_Task data:_
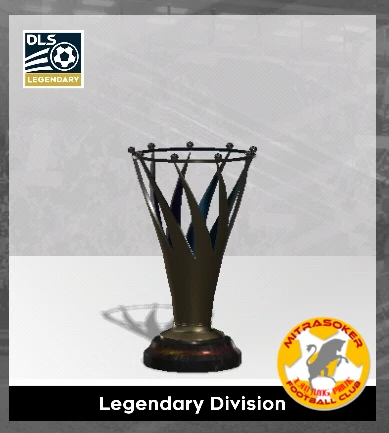 DLS Trofi Legendary Division Cup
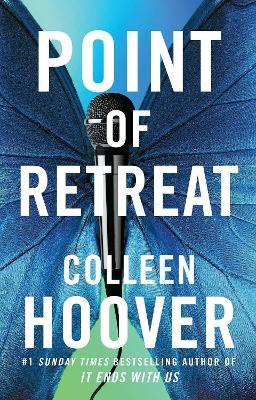 Point of Retreat - Colleen Hoover - cover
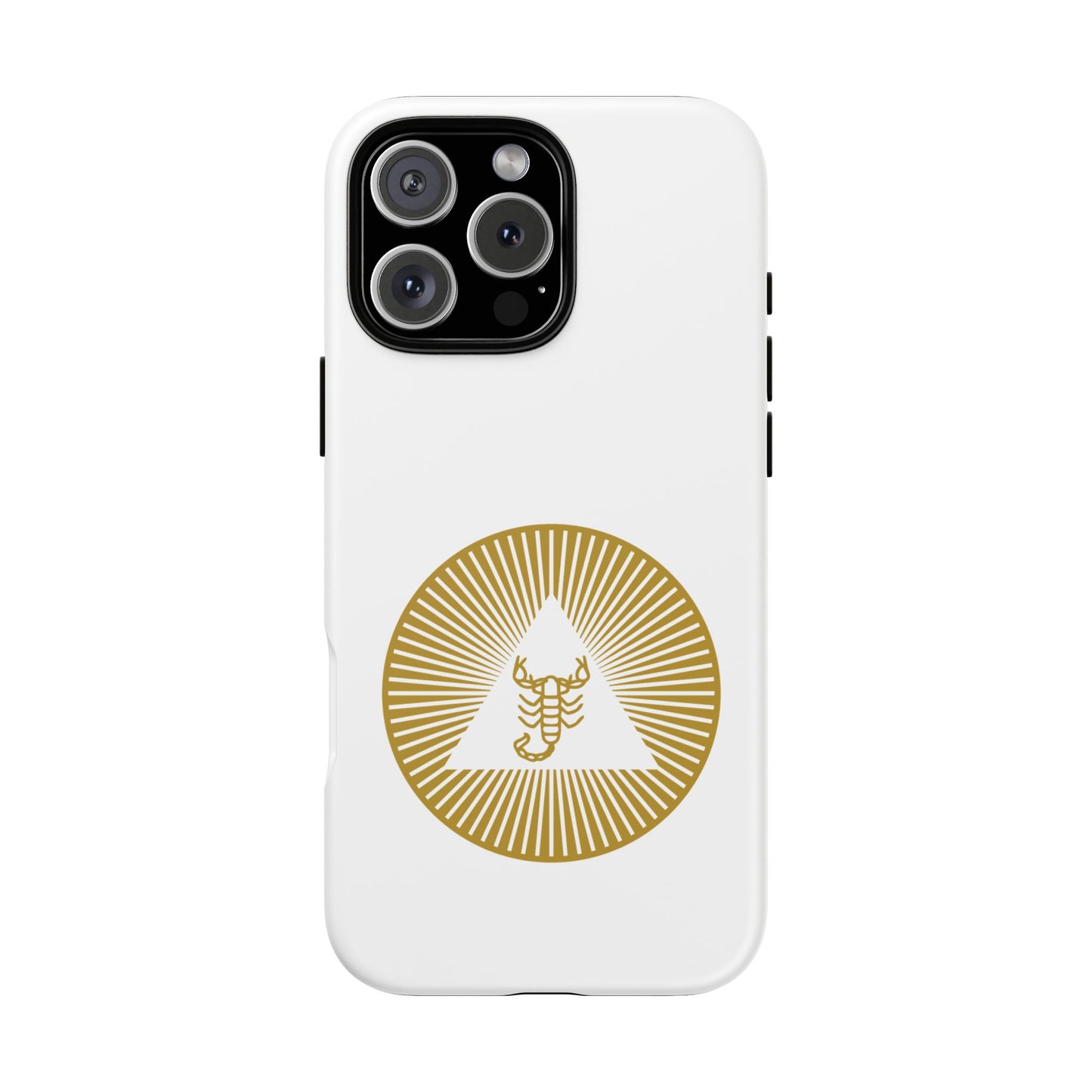 Sacred Bloomscroll Case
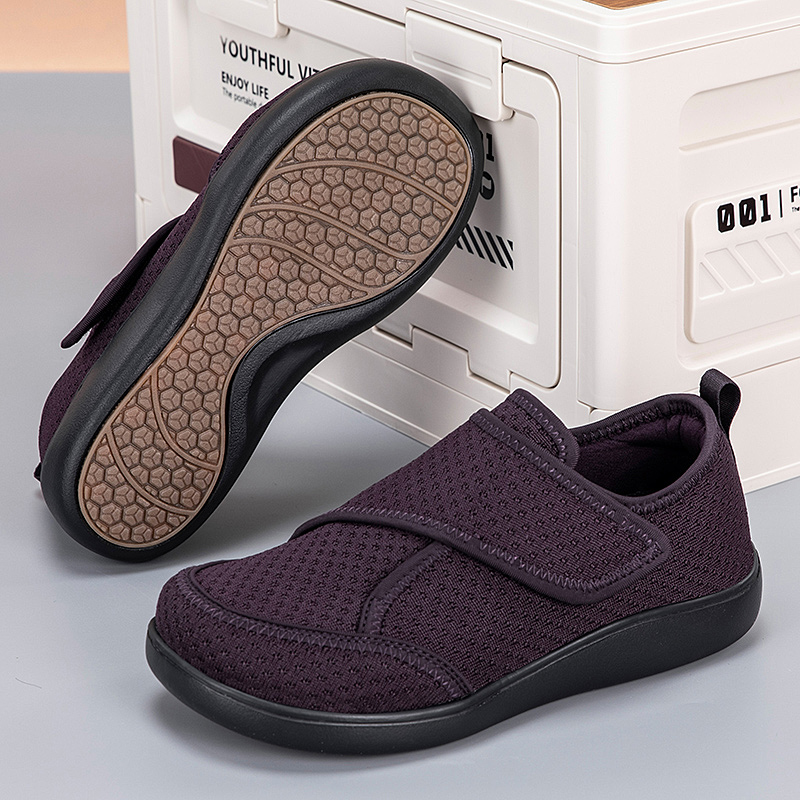 Otwarte buty dla seniorów Regu – Women'S Shoes With Bunions recenzja i cena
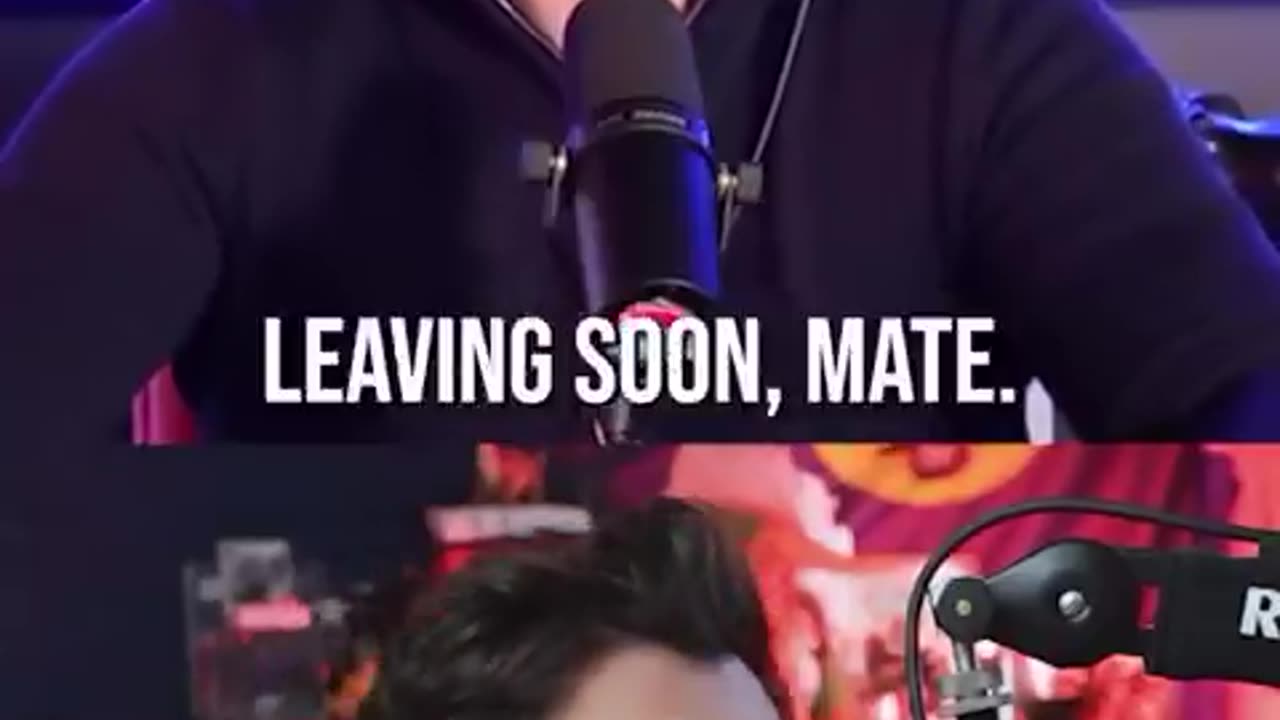 Leaving Australia b/c everything has turned to shit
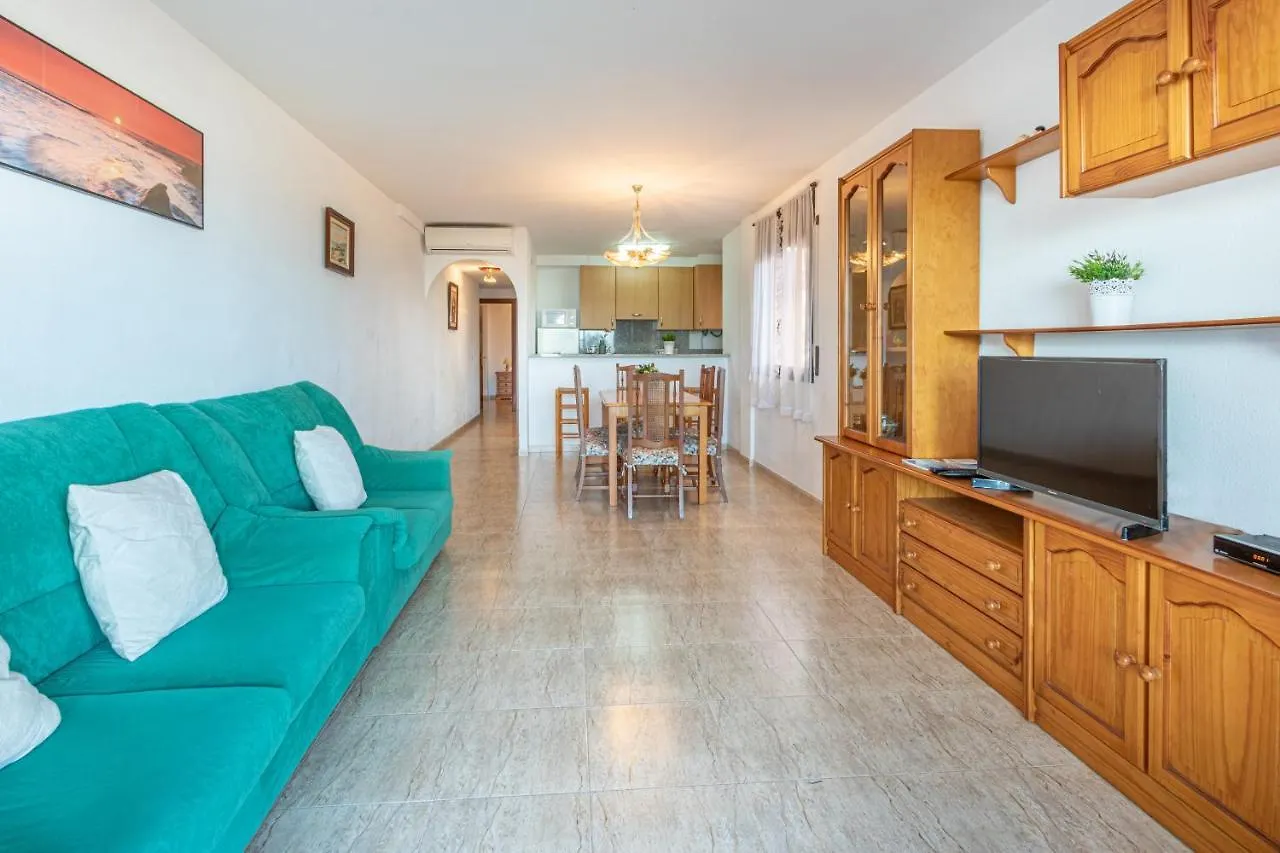 Apart-Rent Apartment Mirablau Mar 0087 Empuriabrava 0*,  Španělsko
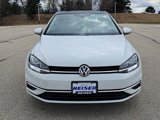 Used 2021 Volkswagen Golf 4-Door image 2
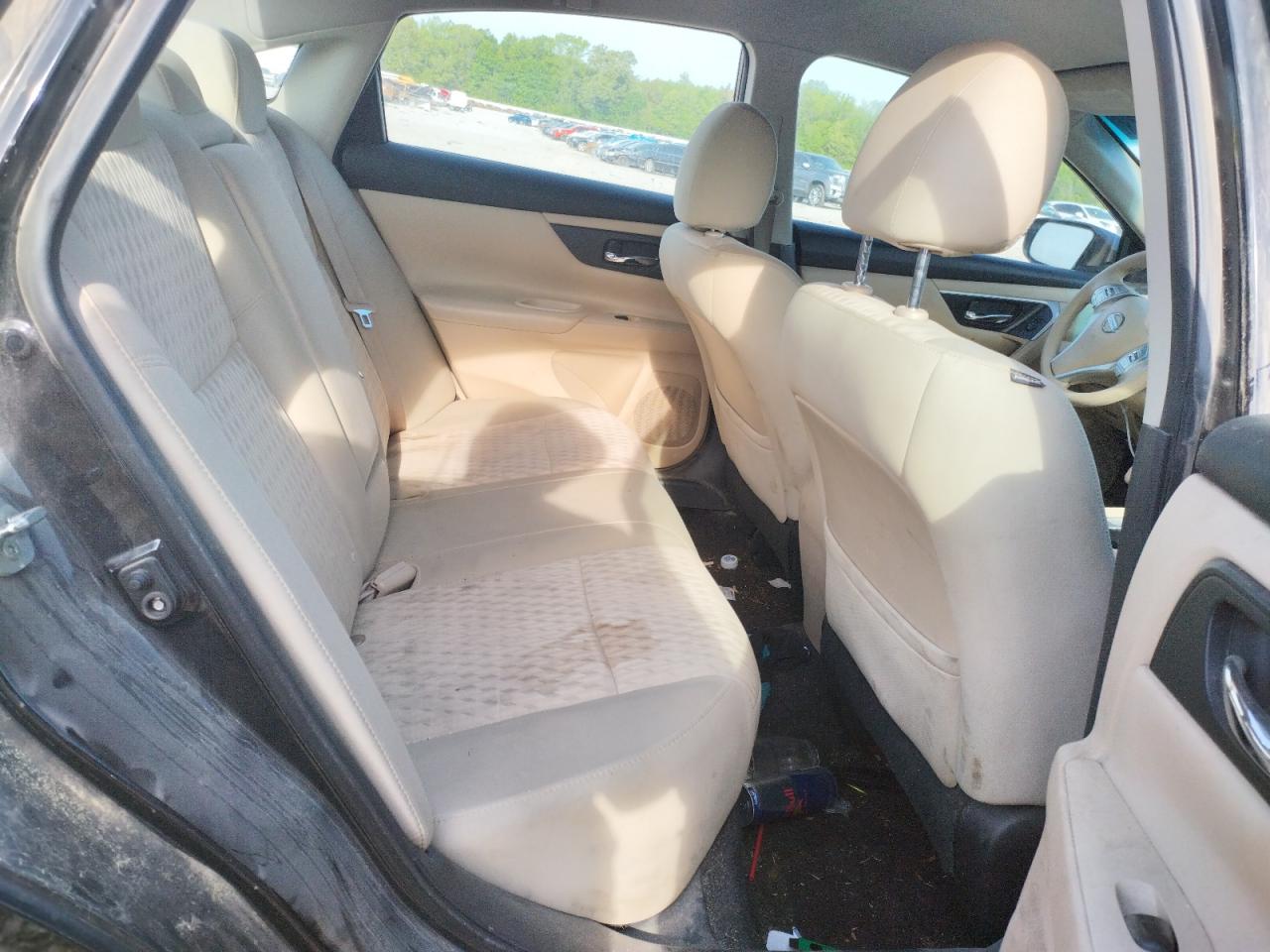 Photo 6 from auction – 2016 NISSAN ALTIMA 2.5 with VIN 1N4AL3AP3GC169114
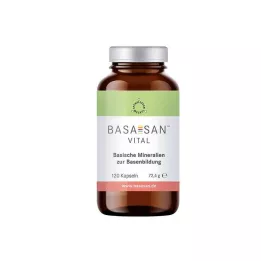 BASASAN Vital kapsüller, 120 adet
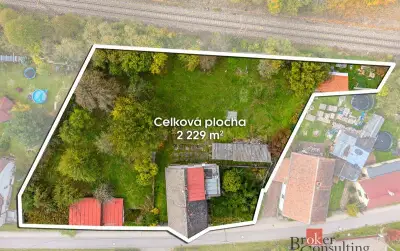 Prodej, domy/rodinný, 137 m2, Ke Mlýnu 205/3, 58812 Dobronín
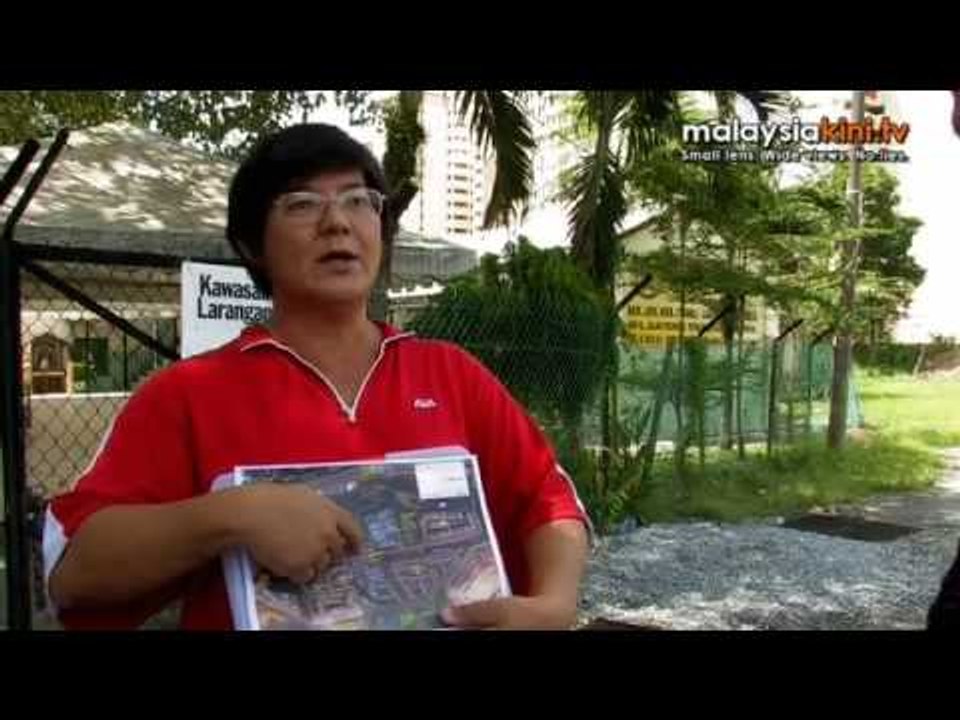 Bukit Jalil Tamil School: Kids face a long walk...
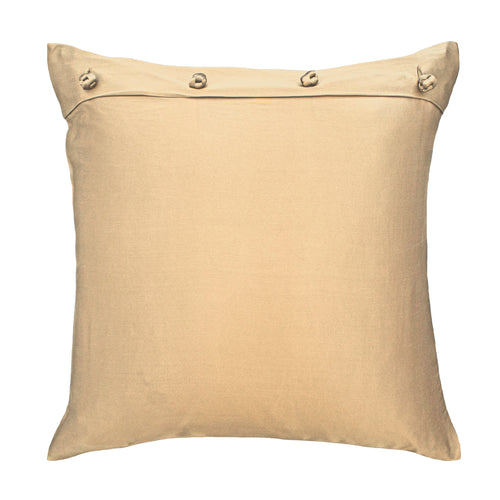Charmeuse Knot Sham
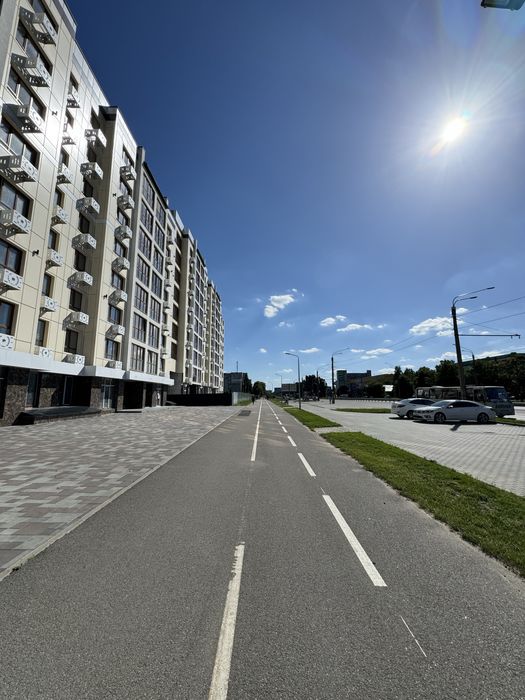 Продаж фасадного приміщення ЖК Олімп! 122м2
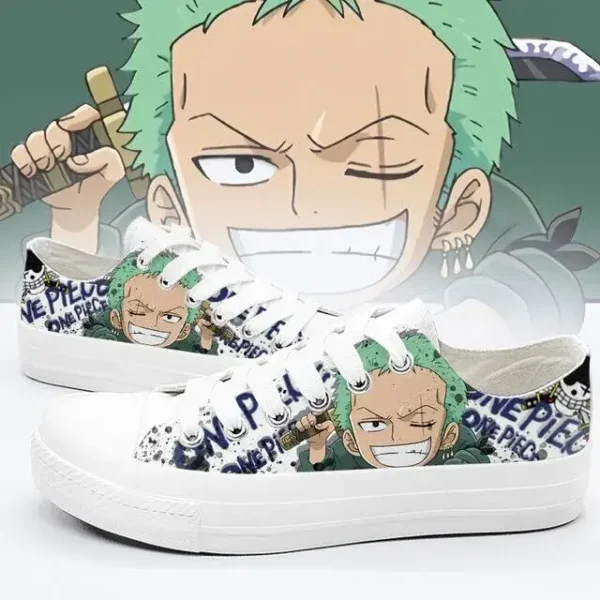 Scarpe di Zoro One Piece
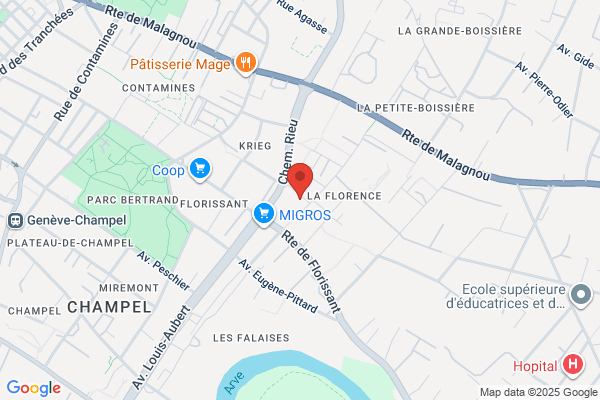 Malagnou Real Estate SA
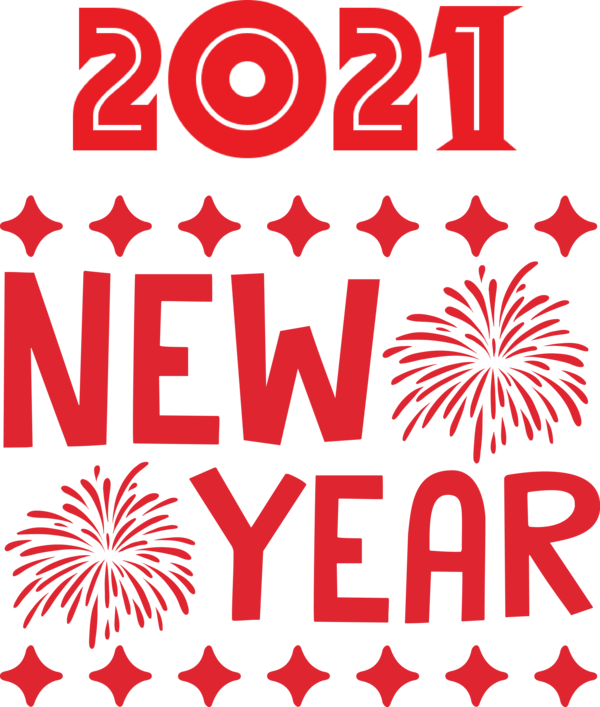 Transparent New Year Christmas decoration Design Christmas Day for Happy New Year 2021 for New Year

_Exercise:_
Each line from the one holding "Продаж фасадного приміщення ЖК Олімп! 122м2" to the end of the records above must be copied exactly; the pictures must not be copied.

_Task result:_
 Продаж фасадного приміщення ЖК Олімп! 122м2
 Scarpe di Zoro One Piece
 Malagnou Real Estate SA
 Transparent New Year Christmas decoration Design Christmas Day for Happy New Year 2021 for New Year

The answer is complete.